Les grévistes ont dû faire des concessions, notamment en ce qui concerne les indemnités en cas de licenciement. Ils ont toutefois obtenu des augmentations salariales, le gel des primes de l’assurance maladie et la mise à disposition gratuite des livres de cours dès la première année scolaire. Rahm Emanuel a également échoué à imposer l’élargissement du salaire au mérite et la prise en compte des performances des élèves dans l’évaluation des enseignants. La grève est pour Micah Uetricht une bataille victorieuse, mais pas suffisante pour arrêter les attaques contre l’école publique : « Les enseignants n’ont gagné qu’une grève historique. Peu d’entre eux semblent intéressés à célébrer cette réussite – leur regard est tourné davantage sur comment mieux se positionner lors des combats futurs pour l’éducation publique » (p. 77). Le défi consiste à briser le consensus existant entre les partis démocrate et républicain qui bénéficient de l’appui financier de plusieurs fondations privées à hauteur de milliards de dollars.

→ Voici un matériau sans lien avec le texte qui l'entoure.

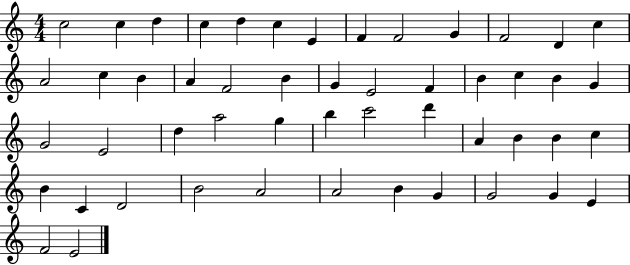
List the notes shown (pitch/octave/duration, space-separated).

C5/h C5/q D5/q C5/q D5/q C5/q E4/q F4/q F4/h G4/q F4/h D4/q C5/q A4/h C5/q B4/q A4/q F4/h B4/q G4/q E4/h F4/q B4/q C5/q B4/q G4/q G4/h E4/h D5/q A5/h G5/q B5/q C6/h D6/q A4/q B4/q B4/q C5/q B4/q C4/q D4/h B4/h A4/h A4/h B4/q G4/q G4/h G4/q E4/q F4/h E4/h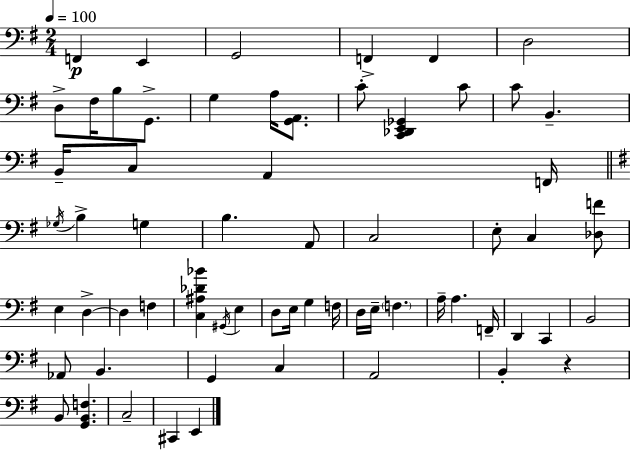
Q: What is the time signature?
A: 2/4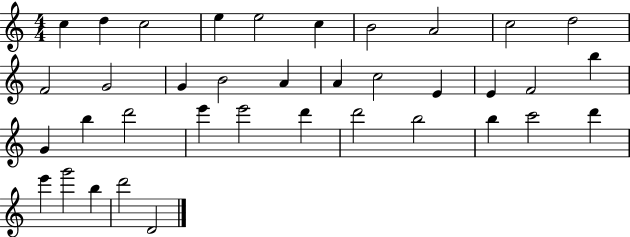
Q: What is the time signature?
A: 4/4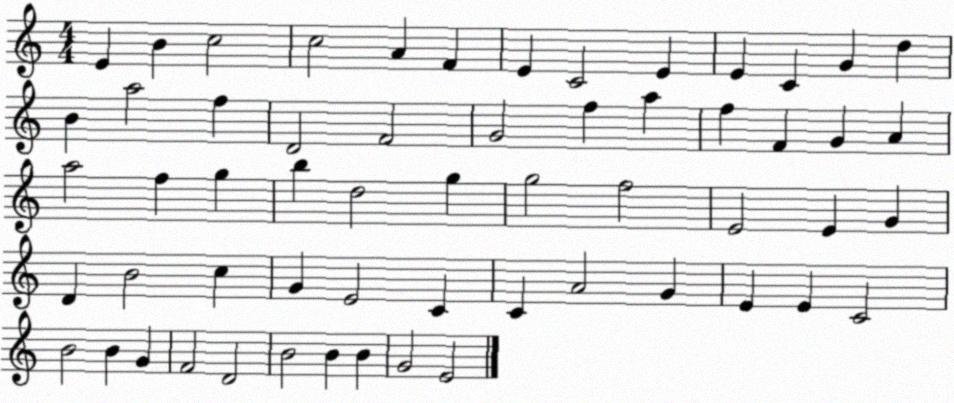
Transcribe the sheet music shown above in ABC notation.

X:1
T:Untitled
M:4/4
L:1/4
K:C
E B c2 c2 A F E C2 E E C G d B a2 f D2 F2 G2 f a f F G A a2 f g b d2 g g2 f2 E2 E G D B2 c G E2 C C A2 G E E C2 B2 B G F2 D2 B2 B B G2 E2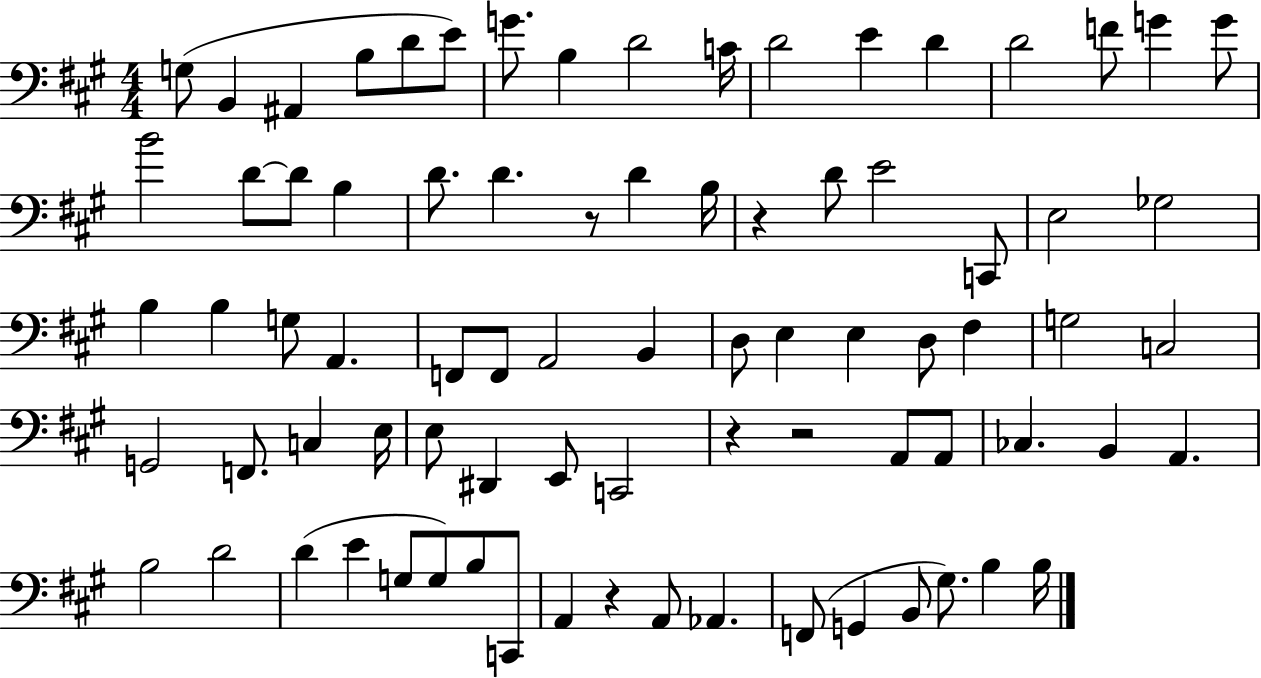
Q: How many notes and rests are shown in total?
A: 80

La lecture de l’ouvrage permet de saisir l’importance d’une direction syndicale combative, mettant au centre de son orientation la participation active des membres, la question du racisme et la défense du bien commun, dans l’affirmation d’un mouvement d’opposition très large et organisé qui débouche sur une grève. La nouvelle orientation syndicale du CTU commençait cependant à prendre forme déjà dans l’activité quotidienne de ses membres. Si l’élection du PACT à la direction entre 2001 et 2003 anticipait peut-être cette évolution, celle du CORE en 2010 a clairement permis de consolider ce processus en donnant une dimension collective à des luttes encore éparses.

Quand l’auteur mentionne dans la partie conclusive de l’ouvrage plusieurs expériences de lutte qui se sont inspirées de celle des enseignants de Chicago, il aurait pu approfondir la difficulté à construire un rapport de force à l’échelle du pays lorsqu’il s’agit de défendre les services publics. Si l’on prend comme exemple l’enseignement, seul un mouvement à l’échelle du pays serait à même d’exiger le retrait du programme Race to the to top (« La course vers le sommet ») qui vise à terme la privatisation des écoles publiques aux Etats-Unis. Il s’agit d’un programme signé par le Président Barack Obama, mais qui est bipartisan, dans la mesure où il s’inscrit dans un consensus commun entre les partis démocrate et républicain depuis la présidence de Ronald Reagan (1981-1989).

[1] L’assurance maladie, ainsi que le niveau de la couverture des enseignants, sont contractés par l’employeur qui prélève les primes directement des salaires.